Je suis arrivé au Courrier Picard le 1er Juillet 1979. Stagiare d'été, pour deux mois, m'a dit Georges-Louis Collet, rédacteur en chef historique du grand quotidien de la rue Alphonse Paillat. Ajoutant avec ce sourire plein de malice : Pour plus longtemps, si vous êtes bon. On m'a dit que vous savez écrire, prouvez-le moi ! Le genre d'encouragement qui vous met une pression immense et d'emblée à l'aise. Les deux mois d'été durèrent presque quatre ans. C'est dire le travail et le talent dont je dus, sans vraiment en être toujours très conscient, faire preuve.

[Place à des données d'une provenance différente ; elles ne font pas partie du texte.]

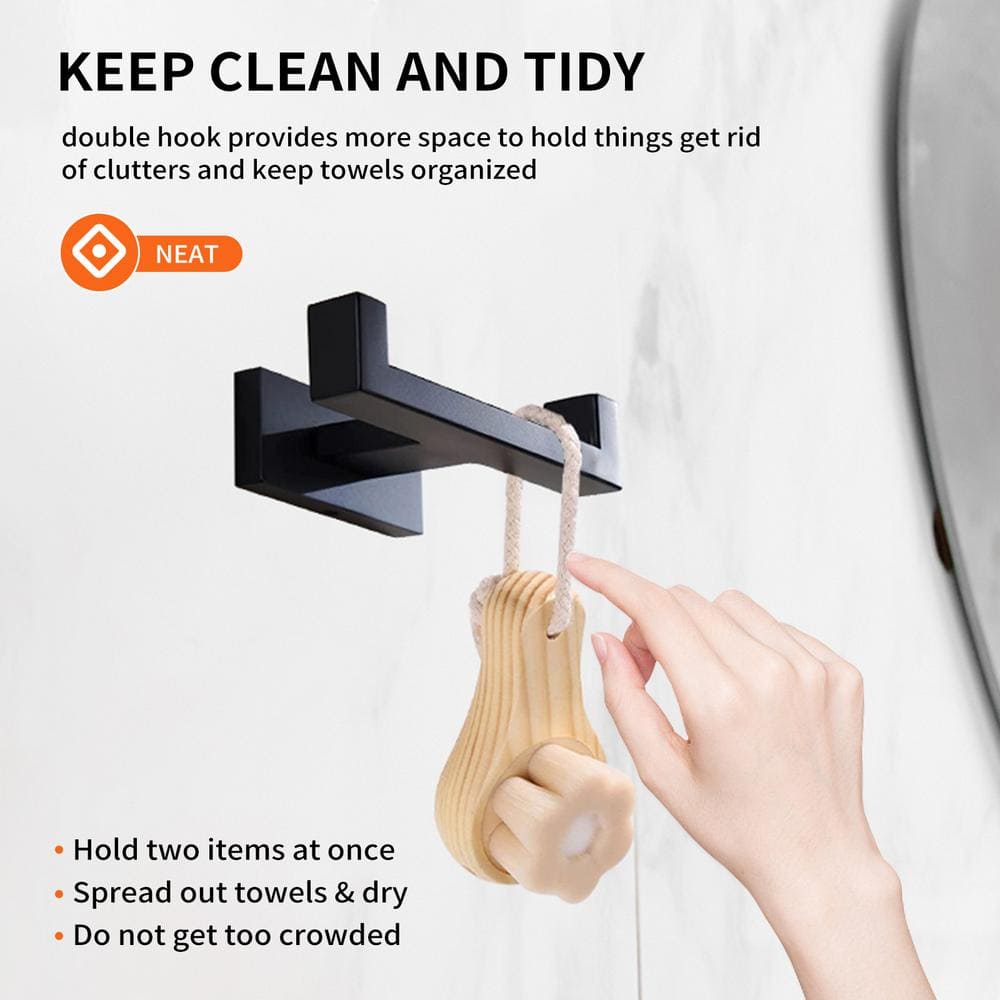 Matte Black Square Double Robe and Towel Hook Set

Seul bémol à cette belle aventure dans la presse écrite régionale, l'obligation de poser définitivement mon appareil photo. Ch'Courrier avait cinq reporters photographes qui ne supportaient pas que le rédacteur débutant que j'étais, par la définition de fonction qui m'avait été attribué, empiète sur leur domaine de compétences. J'ai bien essayé de faire la sourde oreille, au tout début, de finasser, un peu, beaucoup, ensuite, mais j'ai vite compris que nos relations cordiales, sinon confraternelles, en prendraient un sacré coup pour un paquet d'années, si je persistais dans ma double activité.
J'étais simplement, comme souvent, un peu trop précurseur. Aujourd'hui, c'est un fait acquis : le journaliste rédacteur est aussi journaliste photographe. Ou plutôt : le journaliste doit aussi faire ses propres photos. Avec plus ou moins de bonheur ou de talent. C'est flagrant. Le journal s'en repent.